Russia causes death of revered veteran of Crimean Tatar movement, then tries to hide it

Vedzhie Kashka

Vedzhie Kashka

Author: Halya Coynash

83-year-old Vedzhie Kashkavictim of the 1944 Deportation and veteran of the non-violent struggle of the Crimean Tatar people for their rights, died on November 23 after Russian FSB officers burst into a restaurant where she had been sitting and tried to detain her.   She had recently been unwell, and back in 2014 when the FSB first summoned her for interrogation, had suffered from heart problems.

Under such circumstances, it is impossible not to agree with Crimean Tatar leader Ilmi Umerov, that Russia has yet another death on their hands, that of an elderly woman of frail body but unbreakable will and commitment, who was deeply revered by Crimean Tatars and other Ukrainians.

When summoned back in 2014, Vedzhie Kashka  responded:

“I’m not a coward, and never hid before nor now, and I therefore came, but I don’t know why I was called.”

The armed searches and arrests on November 23 were of particular cynicism, as is seen in the report on Vedzhiye Kashka’s death in the Russian state-controlled RIA Novosti.  This claimed that “the elderly woman had received money from a foreigner and hidden it under her own clothes”.

Later that day, the same RIA Novosti went further, publishing a heavily edited video of the detentions, which left out Vedzhie Kashka altogether.

Everything about the arrests on Thursday and the FSB’s ‘special operation’ demonstrated immense cynicism, with the aim presumably to try to discredit the Crimean Tatar Mejlis.  Russia is flouting the International Court of Justice at the Hague, as well as the international community, in refusing to revoke its extraordinary ban on this self-governing body of the main indigenous people of Crimea.

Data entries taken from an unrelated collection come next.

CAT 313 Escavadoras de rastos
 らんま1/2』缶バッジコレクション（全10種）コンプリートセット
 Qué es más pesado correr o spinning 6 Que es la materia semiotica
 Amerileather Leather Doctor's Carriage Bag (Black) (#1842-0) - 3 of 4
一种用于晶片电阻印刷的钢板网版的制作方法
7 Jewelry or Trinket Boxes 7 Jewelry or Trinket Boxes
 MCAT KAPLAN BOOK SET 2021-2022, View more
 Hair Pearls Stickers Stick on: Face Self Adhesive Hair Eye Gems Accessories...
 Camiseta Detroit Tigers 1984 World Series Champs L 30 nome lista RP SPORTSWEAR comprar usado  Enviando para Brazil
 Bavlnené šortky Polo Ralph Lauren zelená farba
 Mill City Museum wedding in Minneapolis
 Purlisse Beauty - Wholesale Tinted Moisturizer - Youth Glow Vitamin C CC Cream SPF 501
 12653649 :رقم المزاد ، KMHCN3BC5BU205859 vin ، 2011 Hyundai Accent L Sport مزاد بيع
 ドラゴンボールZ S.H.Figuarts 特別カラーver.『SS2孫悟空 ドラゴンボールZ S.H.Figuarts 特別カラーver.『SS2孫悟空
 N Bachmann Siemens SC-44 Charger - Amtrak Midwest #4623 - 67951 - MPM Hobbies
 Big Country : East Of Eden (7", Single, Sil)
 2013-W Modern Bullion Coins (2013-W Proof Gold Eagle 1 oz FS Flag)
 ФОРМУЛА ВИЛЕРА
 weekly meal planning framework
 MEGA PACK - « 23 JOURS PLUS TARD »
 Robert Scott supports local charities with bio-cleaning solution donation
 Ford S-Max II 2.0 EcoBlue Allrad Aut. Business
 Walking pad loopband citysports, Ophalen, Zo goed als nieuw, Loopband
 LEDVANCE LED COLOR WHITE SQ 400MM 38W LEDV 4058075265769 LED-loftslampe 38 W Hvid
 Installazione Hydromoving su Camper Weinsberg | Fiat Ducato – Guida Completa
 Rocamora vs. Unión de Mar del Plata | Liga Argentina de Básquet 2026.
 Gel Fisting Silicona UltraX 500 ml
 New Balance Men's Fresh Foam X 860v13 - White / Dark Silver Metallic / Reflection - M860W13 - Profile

Five Crimean Tatars were seized on Thursday during an armed raid on a café in Simferopol:  Bekir Dehermendzhy, an activist of the Crimean Tatar national movement whose son Mustafa is a recognized political prisoner; Asan Chapukh, head of the Mejlis in Yalta; Kazim Ametov, Head of the Mejlis in the Hrushevka township; Kurtseit Abdullaev and Ruslan Trubach.